New Everything (Isaiah 65:17-25; Luke 21:5-19)
The Gospel reading contains a story of Jesus and some folks who were looking at the Jerusalem Temple. It reminded me of a group of tourists visiting Washington DC, and commenting about one of the many monuments and memorials, “My isn’t this impressive and lovely.” Jesus responded to them, not that the temple wasn’t these things, but that, as lovely and impressive as it was, that “the days would come when not one stone will be left upon another, all will be thrown down.” That must have sounded almost irreligious and unpatriotic. It led Jesus to talk about two separate, but similar things. One was the fall of that temple, and one was the coming of the end of the age. Often readers get the two confused. In the Mediterranean culture in which the early church existed, world history was divided into two periods: the Present Age, which was the time from earliest days until the current world came to an end. In that mode of thinking all the people that have ever been or will be live in the Present Age. After the Present Age is the Age to come, which would be the time when God came to earth and ruled directly and peace, justice and fairness would reign. Between the two ages was an event or series of events called the End of the Age that concluded the bad old world and ushered in the good new one. In Christian circles this was associated with Jesus, usually called the Son of Man, coming with clouds of glory. This is a figure of speech coming from the book of Daniel, chapter 7 as reinterpreted in all kinds of literature not found in the Bible between Daniel and the time of Jesus.
Mark was written during what is called the Jewish War of 66-70 CE that climaxed in the destruction of the Temple by the Romans in 70. It would be easy to see how Mark might closely connect the destruction of the centerpiece of Jewish life and the end of the age, and the coming of Jesus to be with people and reigning in peace and justice. Luke was writing 20 years later and recognized that he had to speak to Christians who went through the destruction of the Temple, and that many survived, the world didn’t end, and Jesus didn’t come again. Luke told this story of Jesus differently than Mark did to make the point that the fall of the Temple wasn’t the end of the world. The end of the world was still coming, was still in the hands of God and Jesus, and Jesus would still come to be with his people, but, not now. The end is not in doubt, but the road to that end was longer and more full of stones, hills and curves than we thought. Life will be hard. He encouraged his congregation to use the hard times, not as an excuse to sit still and wait for Jesus, but as an opportunity for mission and service in this world. Expect an uphill struggle and lots of nasty things to happen.

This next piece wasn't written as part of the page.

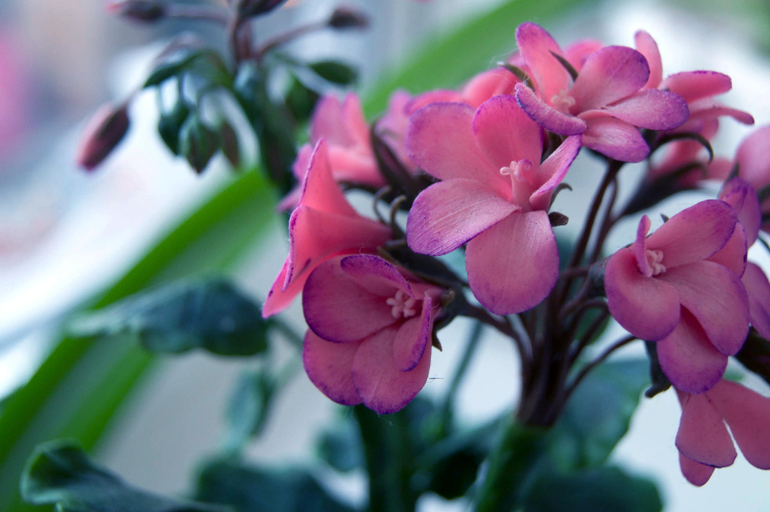 Контрольное задание № 6. Три способа цветокоррекций фотографий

As I read this story over and over in preparation, it occurred to me that it opens up some food for thought in our current situation. We have been through two years of name-calling and lying about those from whom we differ. It has all deeply troubled my soul, and has divided our country in deep ways that I am quite sure will take some time to heal, no matter how many well-meaning people say, “Well, it’s over and we need to put it all behind us.” Things are said that cannot be “un-said.” You cannot “un-ring” a bell. As one with some experience in human relationships, I doubt very much that we will put it all behind us quickly. We were pretty much split 50/50 on what just happened, so the road ahead is stony. But, we need to listen to our Gospel lesson that tells us that such things are not about the end of the world, but about what happens regularly in it. The Bible pretty clearly affirms throughout that God’s in charge of things including where the world will all come out. It also affirms that the road to that place is anything but happy and smooth. If these things are two counter-movements of life, then what can we actually do to get to a place where we can begin to heal what we have done to and against one another? First, and very briefly, none of us can take the high moral ground on this, as if it was only “others” that spread hatred and lies. The honest truth, sadly, is that each of us may discover some corner of our hearts that demonizes “those others.” It is deeply distressing to me that it is true of me, but it is, and we each need to repent of that. In the Bible repentance means turning in the opposite way and getting new minds on this. Evil is defeated by good, not by response in kind. Our mothers knew this and taught it to us. Or mine did. (So did Maxine’s.)
One of the things that we also need to seek is what God would have us do to cure this sickness. The Bible often says that God’s people ought to engage themselves with the things that engage God. We copy what God is doing. Our Old Testament Lesson from Isaiah 65 has an interesting contribution to make as to what God is doing. A while ago, as I was reading through the Isaiah 65 text in Hebrew and translating this poem that has God as the speaker: “Now behold, I am creating new heavens and a new earth…” That’s clear, I thought. God’s the subject, and the verb is a participle, which is, basically, a verbal adjective with an –ing on the end…”Now behold I am creating…” I was surprised to find that very few published English translations render it that way. Our pew Bible has “I am about to create…” Some have simply “I create” or even (inexplicably, by grammar at least), “I will create.” Obviously, some think that such new creation must either be reserved for the immediate or the far-term future, rather than now. But that’s not the simplest reading of the text, which says that God is creating new heavens and a new earth. It’s in process. It doesn’t say when it began or when it will end, it just says that “I am creating new heavens and a new earth.” It’s ongoing. I think many times our preconceived ideas about the world and God form the way we read texts in the Bible more than the other way round. What might it mean that God is creating new heavens and a new earth both now and was when the passage was written in the 500’s or later BCE? Next, what did the author mean by “new heavens and a new earth”? One way to say “everything” in Hebrew is to choose opposites (like the heavens and the earth) and connect them with an “and.” Here the author was saying that God is creating a new “everything.”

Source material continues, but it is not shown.